Owen’s treatment of Rorty follows, in the main, the title of one of his books: contingency, irony, and solidarity. Despite the fact that he considers Rorty’s “epistemological analysis” to be subordinate to, or in the service of his political and moral agenda (irony and solidarity), one of the best features of Owen’s book is his presentation of Rorty’s views on the contingency of all knowledge, or, more accurately, belief. Rorty’s anti-foundationalism,  Owen demonstrates, is above all a critique of rationalism, and especially of the correspondence theory of truth, i.e., the view that true statements are those that correspond to the “real world,” the “world-in-itself,” the world “apart from any human shaping.” One of Owen’s great strengths as a philosophic critic is his ability to bring out the ambiguities and tensions in the thought of his anti-foundationalists. For example, he brings to the fore a systematic ambiguity in Rorty regarding his claims for the status of the “real world”: that there is no such thing; that there is, but we have no access or knowledge of it; that there is, but we have no use for it; that there is, and that we know it to be purposeless and indifferent to human meaning. Owen shows how Rorty gestures (at least) in all these directions, and uses these various conclusions for his purpose of the moment. This ultimate lack of seriousness in his theoretical argument is part of what leads Owen to conclude that Rorty’s moral and political agenda drives his critical analysis.

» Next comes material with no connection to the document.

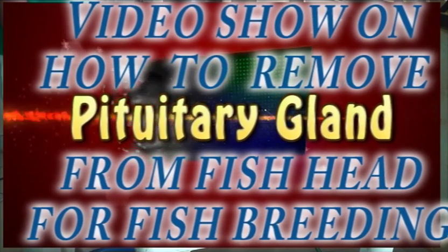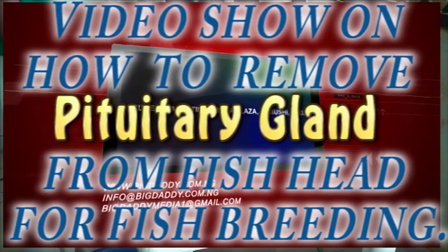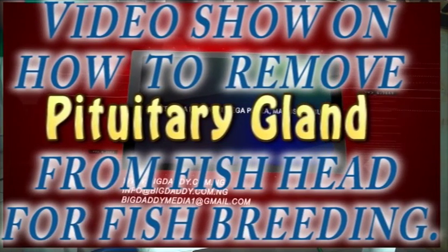Welcome to Big Daddy Fish Farm. This is a training on how to remove the pituitary gland from a fish head.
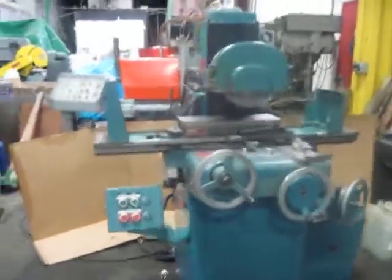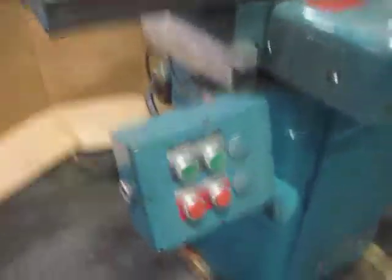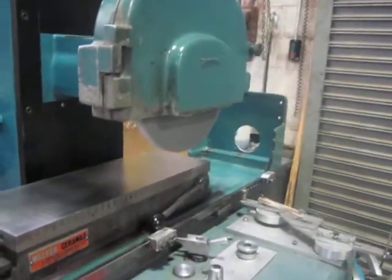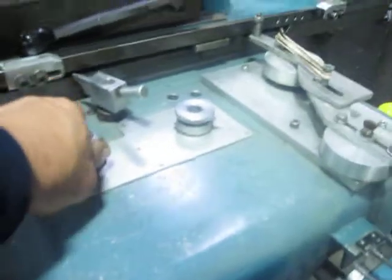I'm going to show you a view of the machine. It's got a 618 walker chuck. Controls here. Bringing on spindle — spindle running quiet. Bringing on hydraulics. This handle brings the hydraulics on.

Owen thus engages in a sustained effort to uncover that agenda and the way Rorty’s (various) theoretical analyses support it. That agenda can be described the attempt to build an altogether new kind of liberalism, one that gives up on classical liberalism’s search for universal human truths such as are pronounced in the Declaration of Independence. Rorty’s new liberalism is neither universalistic nor does it rest on truths, as these have traditionally been understood. Within Rorty’s own thinking, his new liberalism is defined by the intersection of solidarity and irony. Liberalism, he argues, isn’t universally valid or true but is merely our local way of conducting politics, the product of historical contingency, not of necessary truth. It does not reflect the way the world “really” is. It is “our inherited prejudice,” no better, but no worse either, than the inherited prejudices or authoritative opinions that govern other societies. This proclamation would seem to undercut the commitment to liberalism, but Rorty thinks otherwise; “common humanity is too thin a basis for genuine solidarity. Liberalism thus understood is an “ethnocentrism,” which we as a people can be thickly attached to as our own, in contradistinction to other ethnocentrisms to which others are attached.

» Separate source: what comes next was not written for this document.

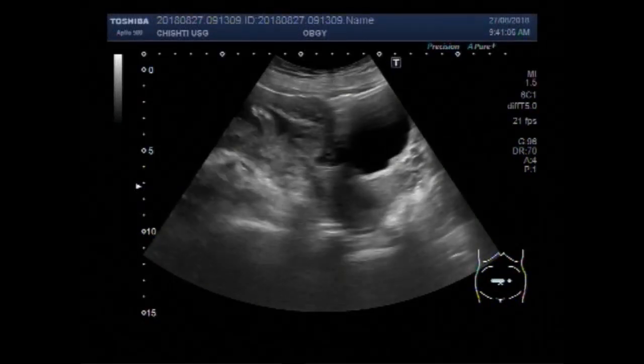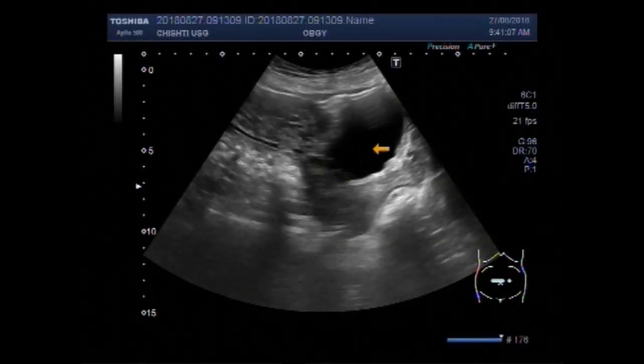Dear viewers, I hope you are all fine. This ultrasound video shows a fetus having a large encephalocele.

Owen nicely brings out the fundamental incoherence of Rortean liberalism thus understood. Liberalism is an ethnocentrism internally defined by a “suspicion of ethnocentrism” (its universalistic aspirations), and so Rorty is, in effect, claiming that “the liberal ‘suspicion’ of ethnocentrism (which he wishes to praise) is strengthened by the affirmation of liberalism’s own ethnocentrism.” Following Fish, Owen sees in Rorty (and Rawls) lingering elements of liberal universalism and rationalism, which lead both thinkers into an impossible position: their anti-foundational liberalism cannot stand. Because of Fish’s clear-eyed appreciation for this defect in Rorty and Rawls, Owen believes Fish is the most profound of his anti-foundationalists.

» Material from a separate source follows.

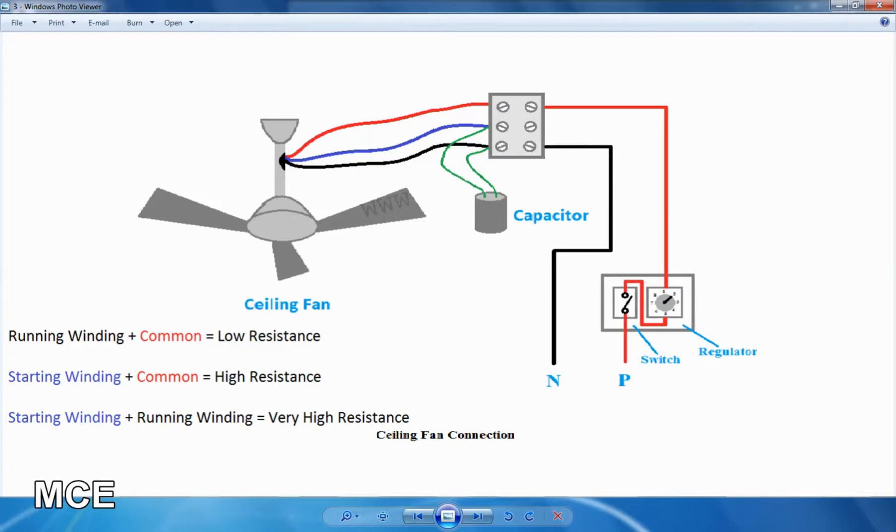The ceiling fan has 3 wires. The starting winding is the blue color and the red color is the running winding. The capacitor connects the starting winding and running winding. The running winding connects to neutral.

Fish’s anti-foundationalism leads to an unabashedly anti-liberal position. He gives up the attempt, still visible in Rawls and Rorty, to ascend from the indefeasible prejudices and ultimate commitments of competing worldviews to a universal scheme for adjudicating and controlling these prejudices, as in Rawls’s doctrine of public reason, or in Rorty’s effort to completely privatize the descriptions and redescriptions of the world his liberal citizens engage in. Owen argues that Fish, as much as Rorty, is driven by a moral and political agenda. “Instead of formal universal principles [such as liberalism promotes], Fish would have us take our bearings by the norms, histories, and practices of different groups, i.e., of our own group.” In Fish’s words, “The alternative to the neutral principle is a real [i.e., moral] principle.” Neutral principles are not universal, as they claim to be; they are “rooted in partial faith, equally functions of historical contingencies, equally exclusionary.” But they are also less than “real principles.” Explains Owen, “They can never fully displace real moral principles, since we cannot escape the need to judge what is the best course of action. They can, however, obscure the fact that we are so judging and thereby cripple our capacity to judge well, or…to judge in clear view our own moral commitments.” The acceptance of universal principle, e.g., of toleration or rights of free speech, amounts to a capitulation of one’s moral views; such acceptance is certainly not neutral, as liberals usually claim.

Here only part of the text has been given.